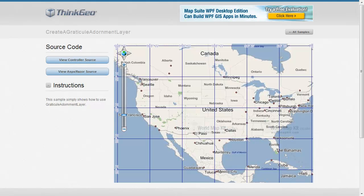In this MapSuite MVC sample app walkthrough, we're going to show you how you can create a graticule adornment layer for your application.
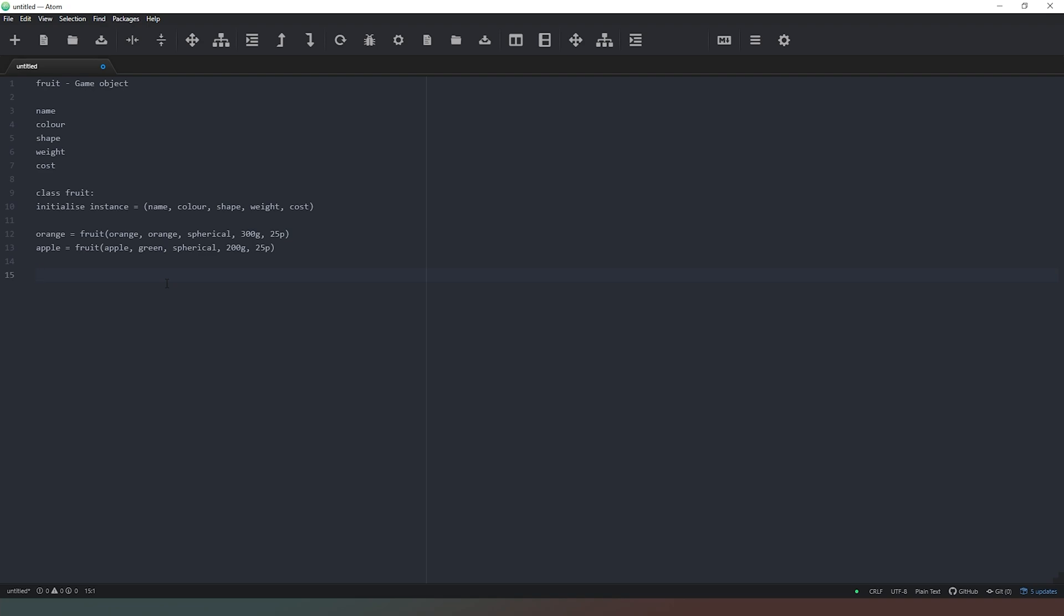So for example, if I wanted to eat my apple, we could say we would have to define, let's just keep this in pseudocode. Let's define eat. And then we have to say we're eating itself. So we're eating of that instance of the class. And then inside this, we would say, for example, orange is eaten. And then it returns nothing because all we're doing is we're saying that we've eaten the apple.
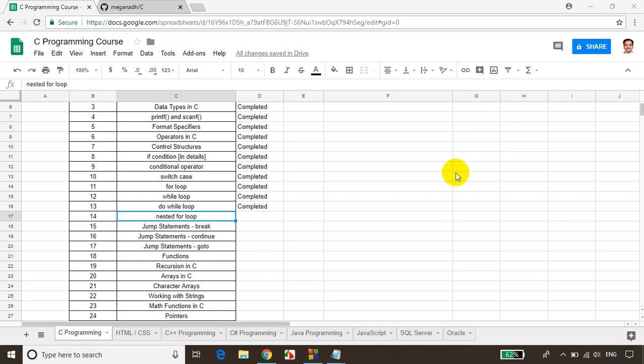Hello everyone, this is Mekhnath. Welcome back. In this module, we will learn how to write a nested for loop. A nested for loop is a for loop inside another for loop. So we'll see an example where we might need to use a nested for loop. Let's get started.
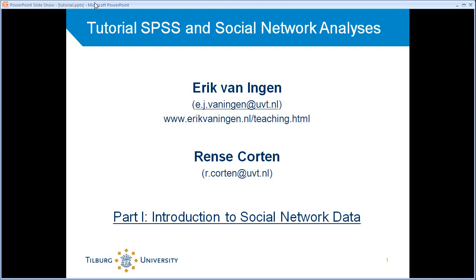Hello and welcome everyone to this set of tutorials about SPSS and social network analyses. My name is Erik van Ingen, I'm an assistant professor at Tilburg University, the Department of Sociology, and I created these tutorials together with a colleague Rense Korte.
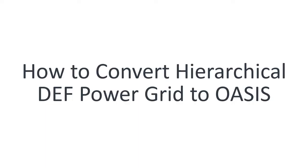Welcome to IC Nanometer Design. Today I'll demonstrate how to convert a hierarchical DEF power grid to an OASIS for visualization using Caliber's Left-Def interface.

Requirement: Please print the entire listing again exactly, minus its images.

Output:
In this MapSuite MVC sample app walkthrough, we're going to show you how you can create a graticule adornment layer for your application.
So for example, if I wanted to eat my apple, we could say we would have to define, let's just keep this in pseudocode. Let's define eat. And then we have to say we're eating itself. So we're eating of that instance of the class. And then inside this, we would say, for example, orange is eaten. And then it returns nothing because all we're doing is we're saying that we've eaten the apple.
Hello everyone, this is Mekhnath. Welcome back. In this module, we will learn how to write a nested for loop. A nested for loop is a for loop inside another for loop. So we'll see an example where we might need to use a nested for loop. Let's get started.
Hello and welcome everyone to this set of tutorials about SPSS and social network analyses. My name is Erik van Ingen, I'm an assistant professor at Tilburg University, the Department of Sociology, and I created these tutorials together with a colleague Rense Korte.
Welcome to IC Nanometer Design. Today I'll demonstrate how to convert a hierarchical DEF power grid to an OASIS for visualization using Caliber's Left-Def interface.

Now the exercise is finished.